Image-text web data:
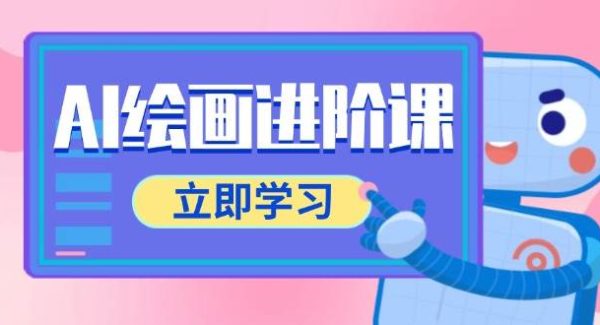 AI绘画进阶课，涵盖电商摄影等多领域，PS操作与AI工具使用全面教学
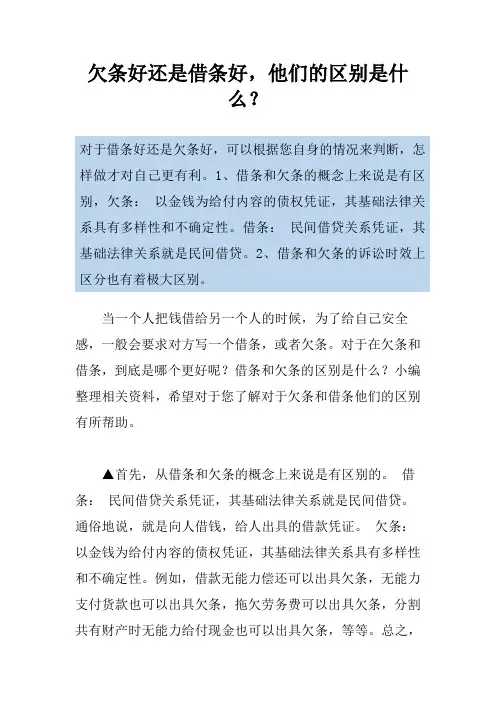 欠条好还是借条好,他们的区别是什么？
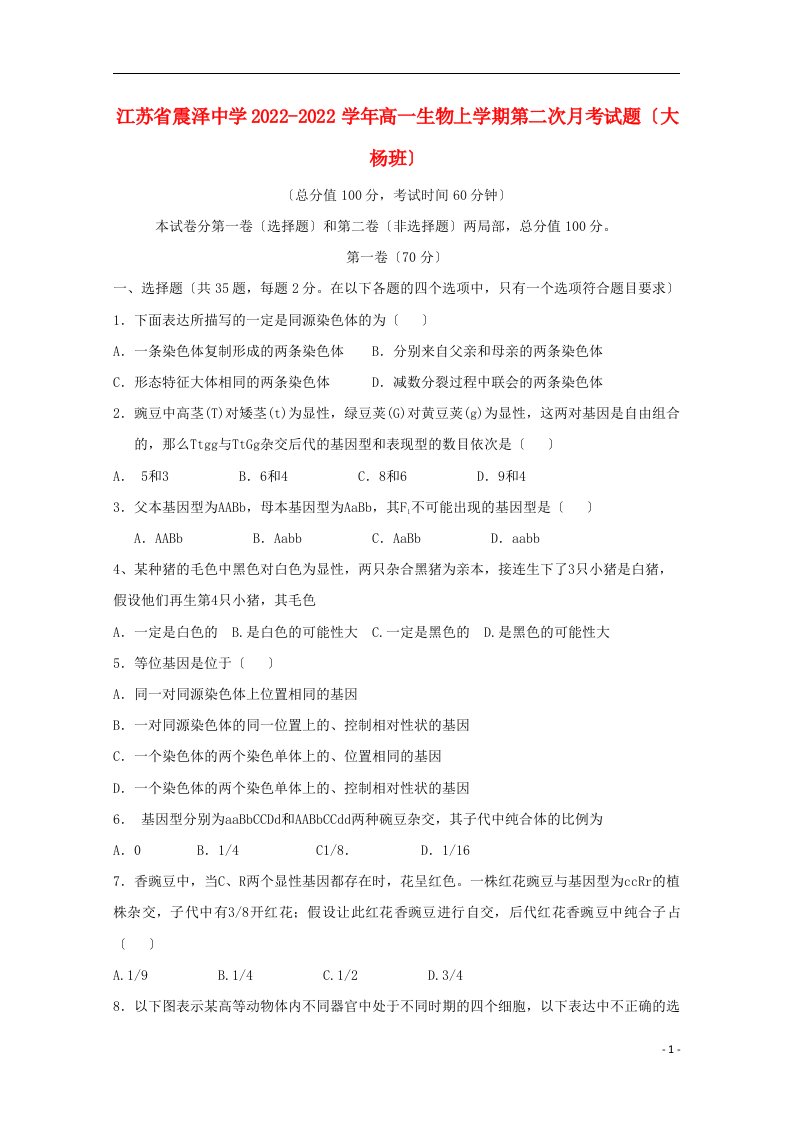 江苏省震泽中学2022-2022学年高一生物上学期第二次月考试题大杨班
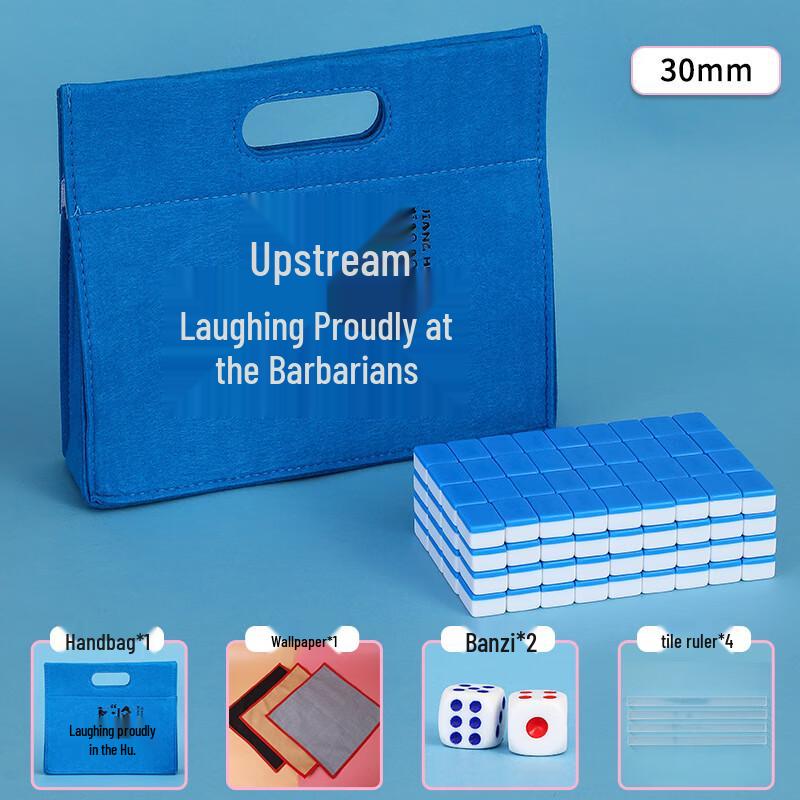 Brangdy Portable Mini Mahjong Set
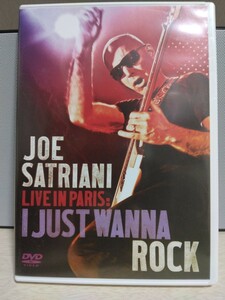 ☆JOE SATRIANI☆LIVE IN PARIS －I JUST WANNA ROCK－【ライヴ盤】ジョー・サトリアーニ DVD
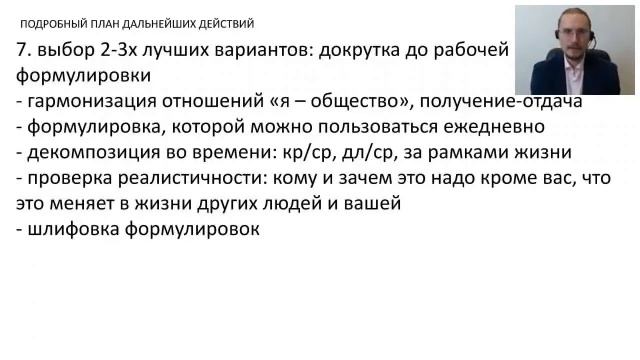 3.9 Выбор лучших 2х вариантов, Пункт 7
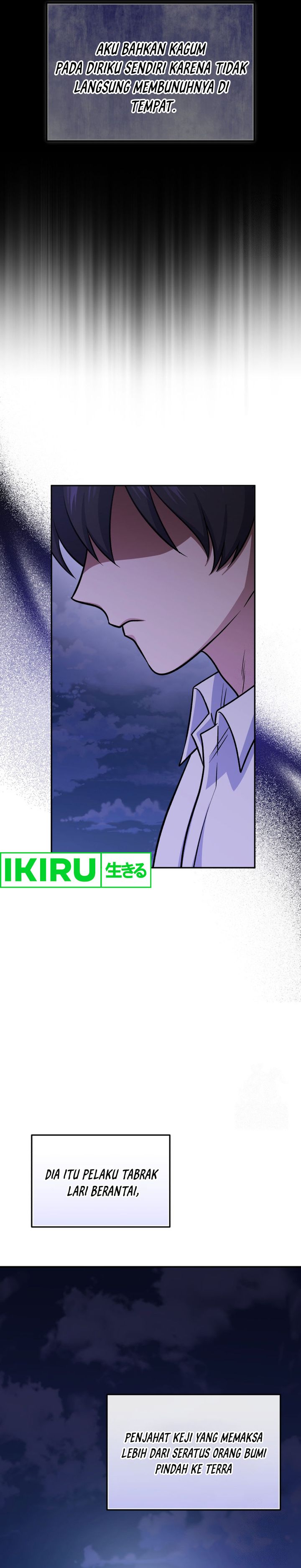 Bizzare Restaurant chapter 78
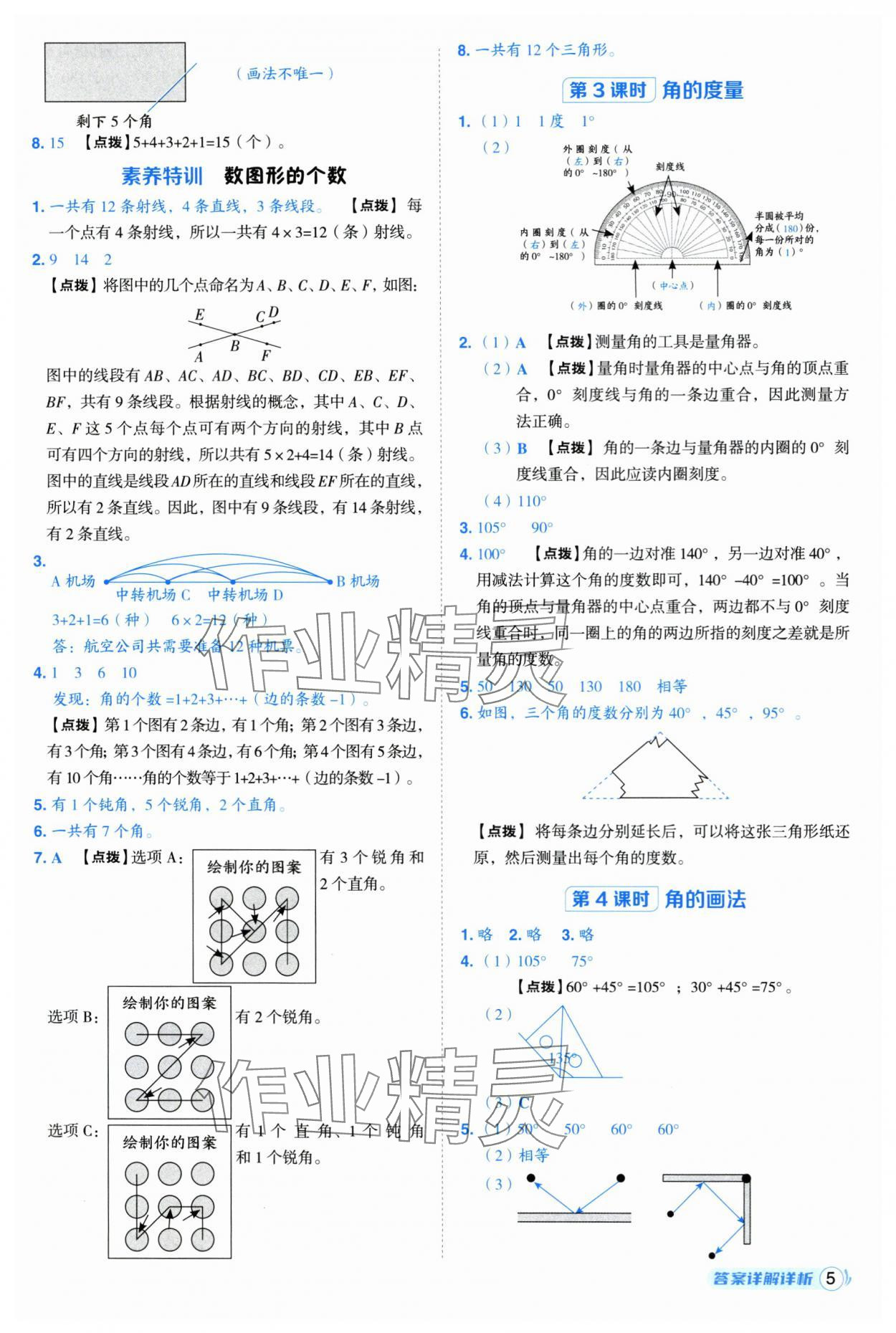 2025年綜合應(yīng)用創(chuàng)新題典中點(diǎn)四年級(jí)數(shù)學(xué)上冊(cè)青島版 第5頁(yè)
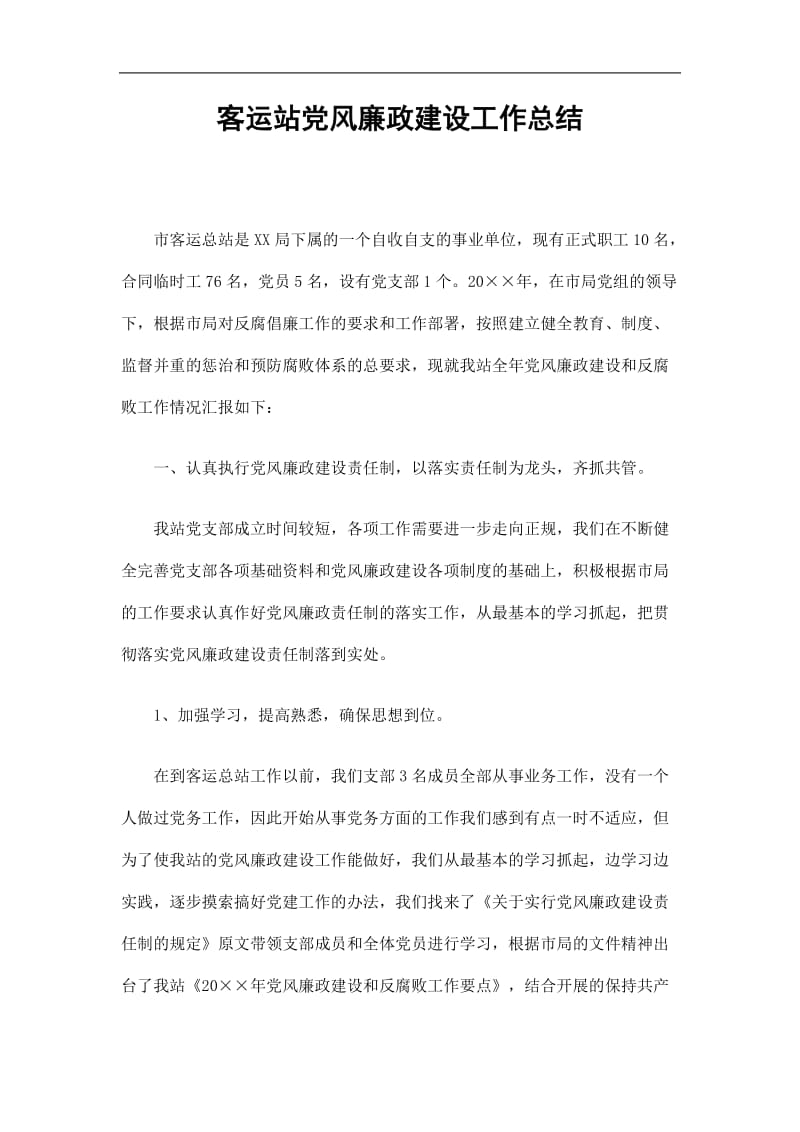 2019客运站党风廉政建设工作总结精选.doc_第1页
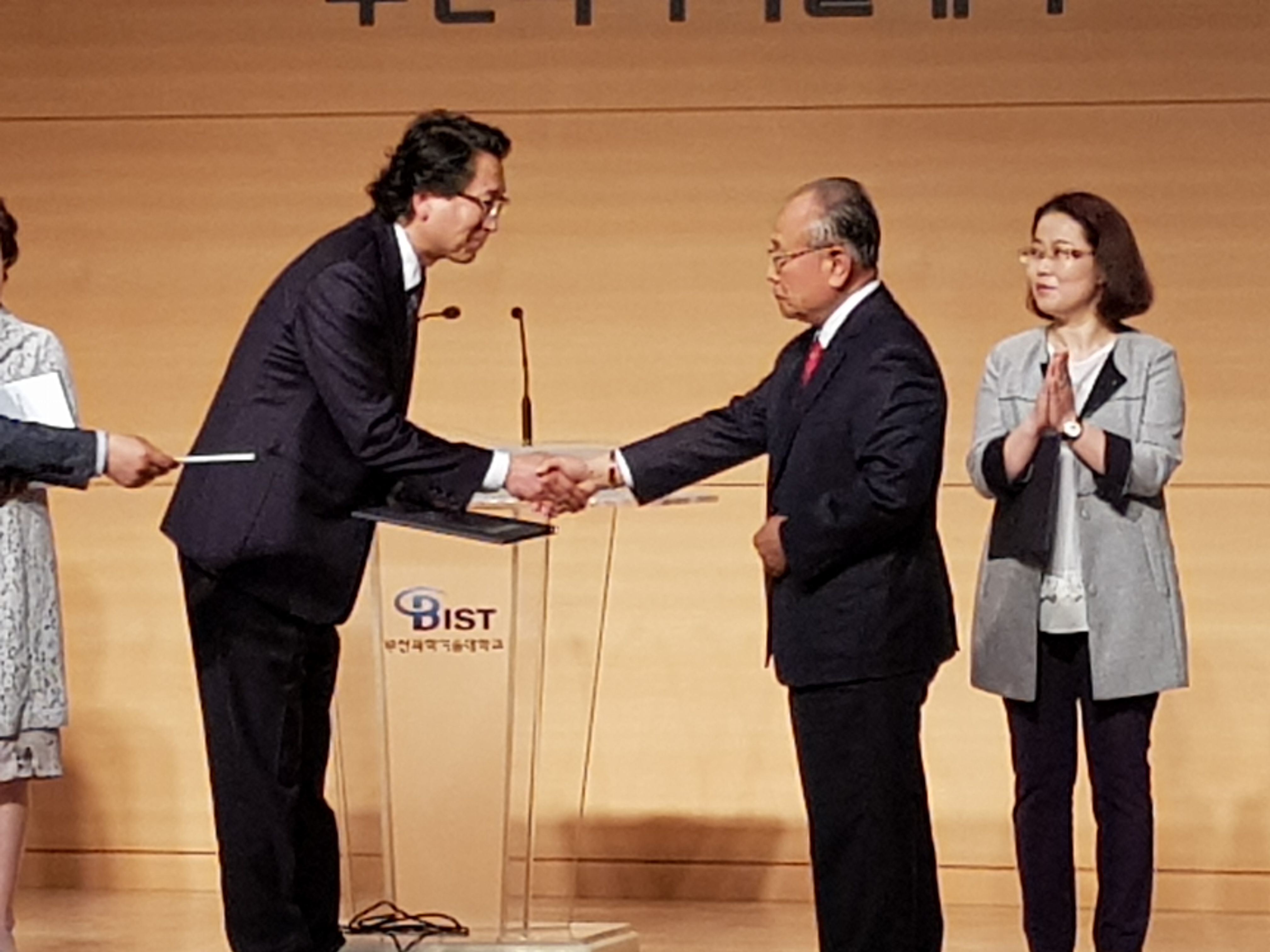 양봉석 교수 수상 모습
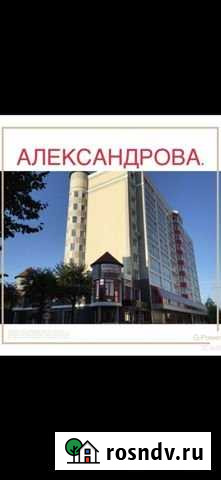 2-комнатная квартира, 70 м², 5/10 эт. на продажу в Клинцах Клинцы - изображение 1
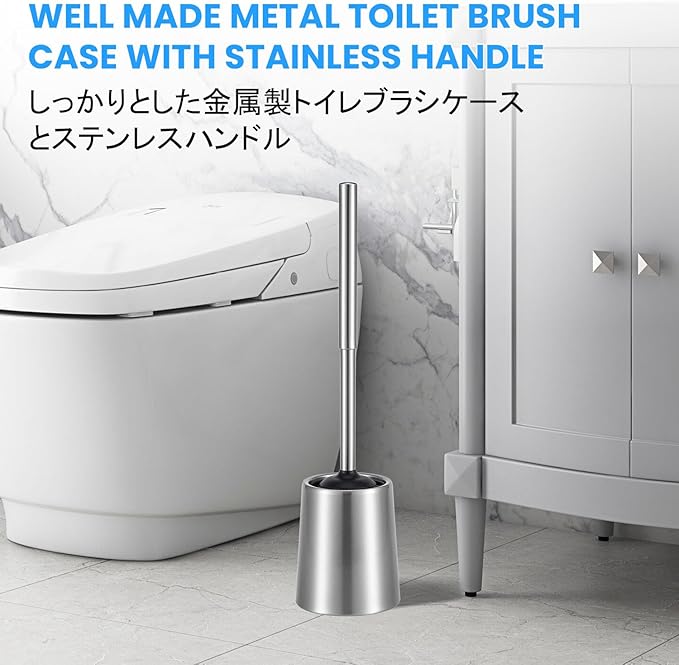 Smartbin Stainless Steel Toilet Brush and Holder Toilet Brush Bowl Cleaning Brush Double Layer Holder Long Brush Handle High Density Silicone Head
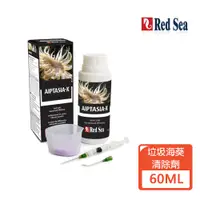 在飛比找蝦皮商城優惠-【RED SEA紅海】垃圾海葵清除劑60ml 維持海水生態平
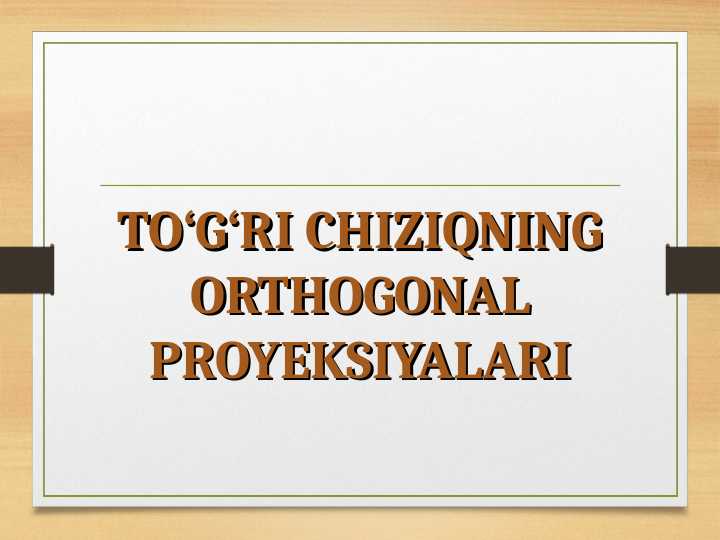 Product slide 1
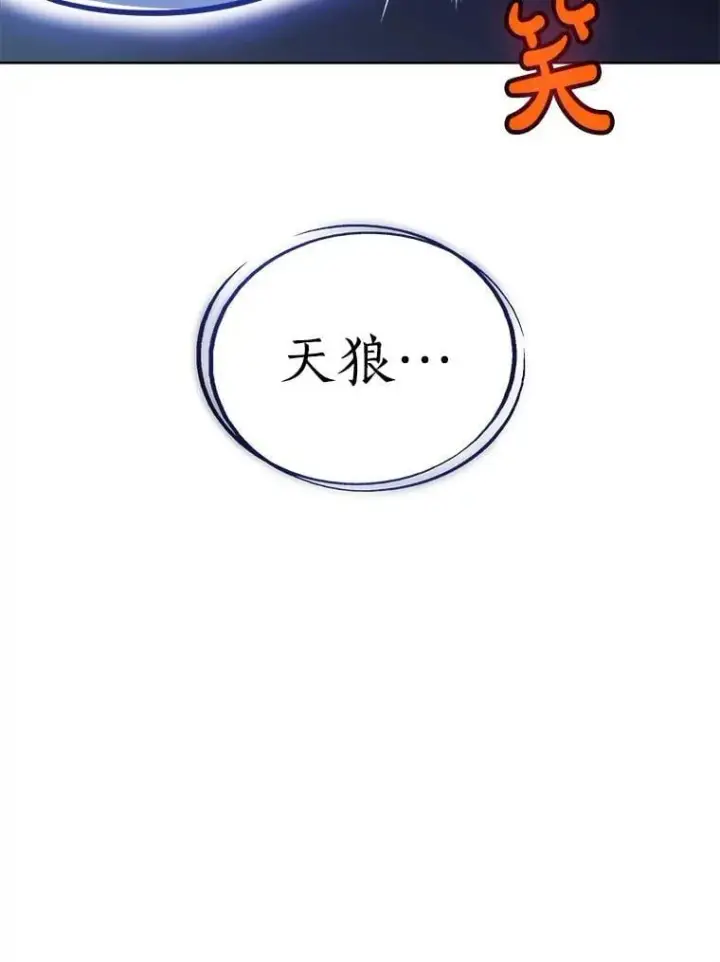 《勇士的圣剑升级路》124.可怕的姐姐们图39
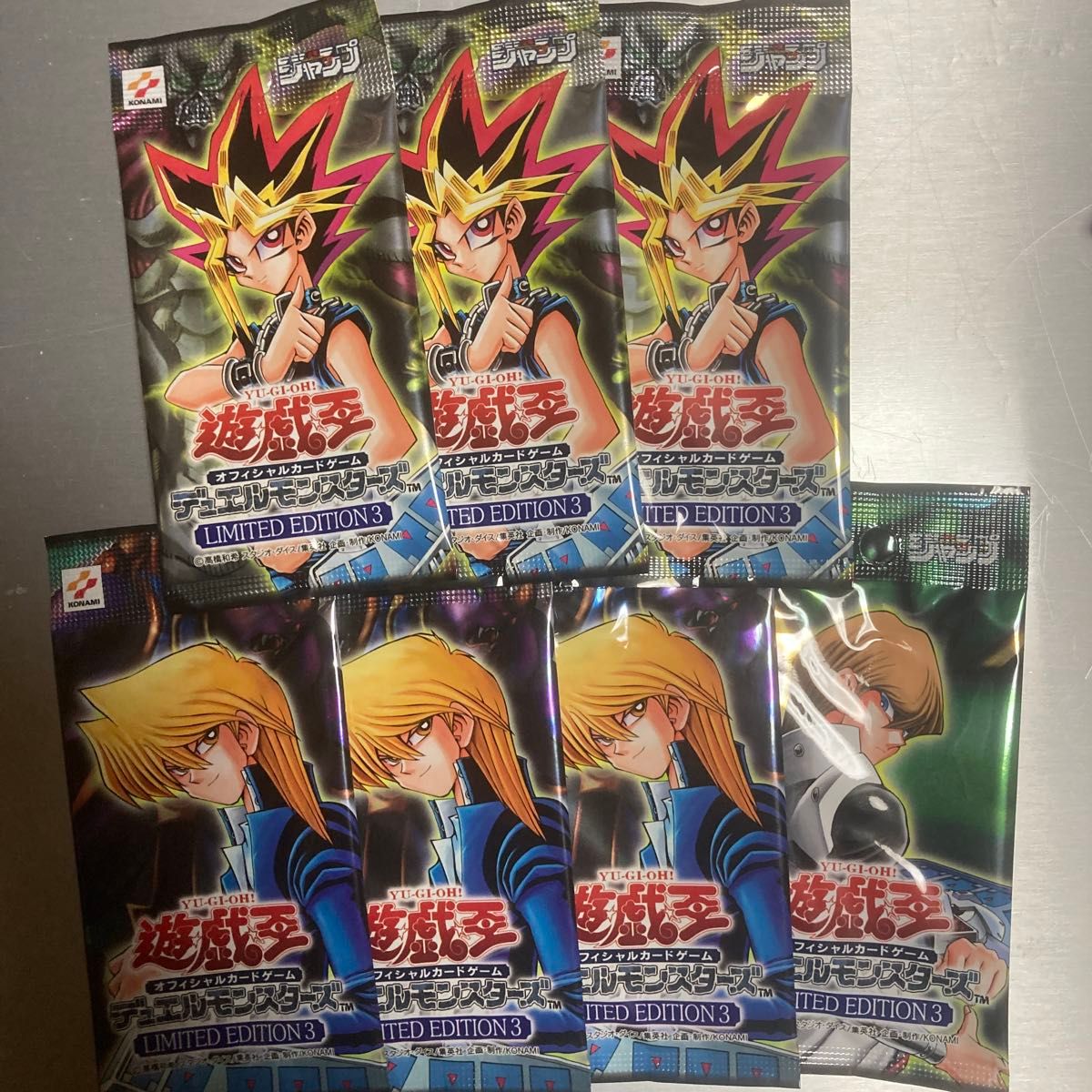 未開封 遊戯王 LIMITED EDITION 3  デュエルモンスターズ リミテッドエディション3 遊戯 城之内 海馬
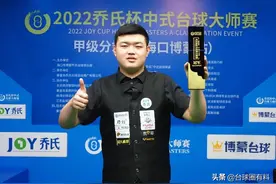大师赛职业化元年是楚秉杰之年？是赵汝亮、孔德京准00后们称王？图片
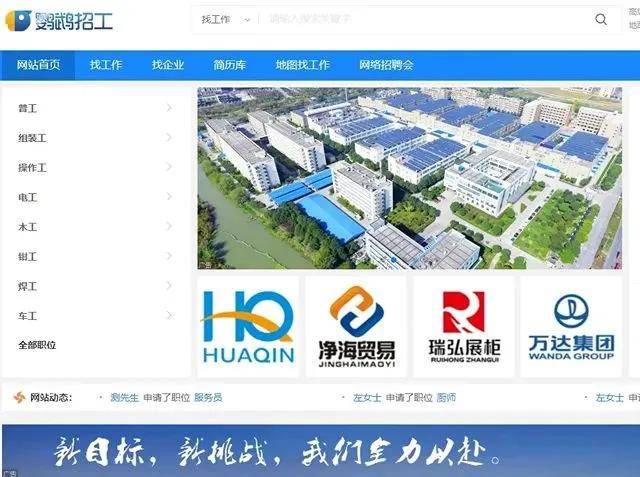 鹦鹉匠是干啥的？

Directions for this task —
Please restate the entries word for word, with all pictures left out.

Answer box —
 AI绘画进阶课，涵盖电商摄影等多领域，PS操作与AI工具使用全面教学
 欠条好还是借条好,他们的区别是什么？
 江苏省震泽中学2022-2022学年高一生物上学期第二次月考试题大杨班
 Brangdy Portable Mini Mahjong Set
 ☆JOE SATRIANI☆LIVE IN PARIS －I JUST WANNA ROCK－【ライヴ盤】ジョー・サトリアーニ DVD
 3.9 Выбор лучших 2х вариантов, Пункт 7
 Bizzare Restaurant chapter 78
 2025年綜合應(yīng)用創(chuàng)新題典中點(diǎn)四年級(jí)數(shù)學(xué)上冊(cè)青島版 第5頁(yè)
 2019客运站党风廉政建设工作总结精选.doc_第1页
 양봉석 교수 수상 모습
 2-комнатная квартира, 70 м², 5/10 эт. на продажу в Клинцах Клинцы - изображение 1
 Smartbin Stainless Steel Toilet Brush and Holder Toilet Brush Bowl Cleaning Brush Double Layer Holder Long Brush Handle High Density Silicone Head
 在飛比找蝦皮商城優惠-【RED SEA紅海】垃圾海葵清除劑60ml 維持海水生態平
 Product slide 1
 《勇士的圣剑升级路》124.可怕的姐姐们图39
 未開封 遊戯王 LIMITED EDITION 3  デュエルモンスターズ リミテッドエディション3 遊戯 城之内 海馬
大师赛职业化元年是楚秉杰之年？是赵汝亮、孔德京准00后们称王？图片
 鹦鹉匠是干啥的？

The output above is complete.